When we deny our interconnection with any part of the web of creation, we tear at the whole of it. This is why, ultimately, we cannot separate the forest from the tree, they are all part of one another, even as we are all part of one another. The suffering of the tree is not compared to the suffering of the human being, it is inseparable. Jesus Christ, God wrapped in earth and flesh is nailed to the tree, for both the tree and the human being. The gospel of John says, “for God so loved the world.”
The fragile balance of earth and sea and sky that sustains human life is no more fragile than God wrapped in the fragile flesh of an infant born in the shadow of the Roman Empire, or the American one. The horrors of September 11th are the most visible manifestations of a state of being upon this earth in which we cannot tell that we are all connected to each other. The clear cutting of rainforests in Brazil, Canada, Thailand and Tanzania and the genocides of Darfur, Yugoslavia, Rwanda, Cambodia and Germany are interconnected as well.
Appreciating this can feel like learning a new language, like regaining the sense of sight. In truth, appreciating the extent to which we are all connected – the earth and sky and sea and all their creatures, including us – will take something like being born again. A new way of living we struggle to understand every bit as much as Nicodemus. A way of living connected to our baptism, where the waters that surrounded us in utero are replaced with the waters of the world, expanding our family tree to include all of Creation.
We celebrate the Season of Creation, we don’t commemorate it, because by faith Creation is always and already.

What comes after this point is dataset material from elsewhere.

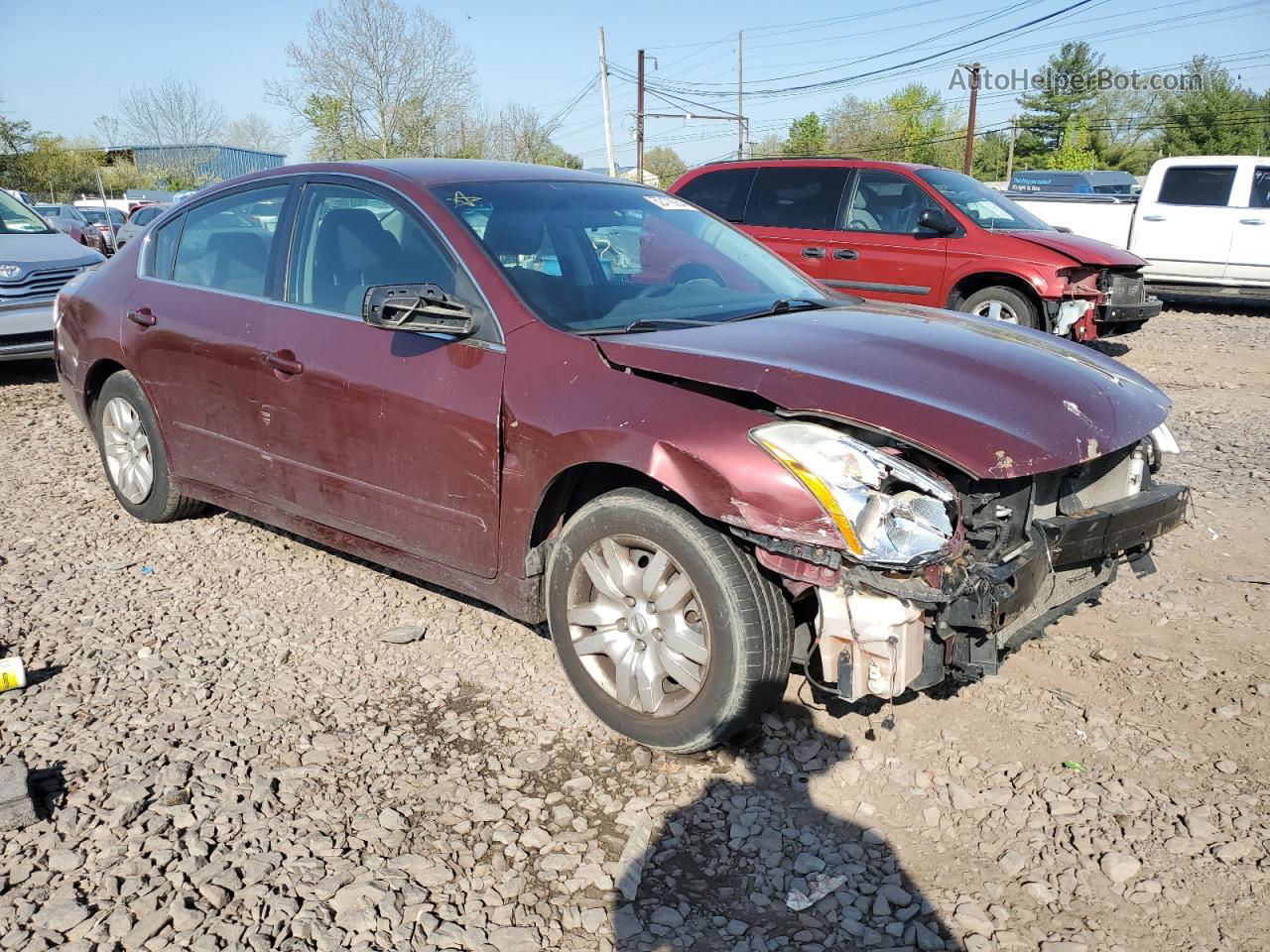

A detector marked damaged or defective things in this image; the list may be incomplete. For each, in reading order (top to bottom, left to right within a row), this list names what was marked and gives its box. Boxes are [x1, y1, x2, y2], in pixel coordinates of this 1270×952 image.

It has happened, and it is happening again, and it will keep happening until all of Creation is healed and reconciled to itself. To plant a tree is a sign of hope for a future none of us will live to see, but is as certain as our next breath.
The world is always shouting the horrors of the past at us with full throat, always trying to terrify us into paralysis. But the promise of the gospel, on full display at Christ’s hanging tree, is that God has reconciled us to God’s self, to each other, and to all of Creation, precisely so that our past cannot define our future.
So I am with Luther. “Even if I knew that tomorrow the world would go to pieces, I would still plant my apple tree.”
Amen.
[i] “Seed That in Earth Is Dying,” Evangelical Lutheran Worship, 330.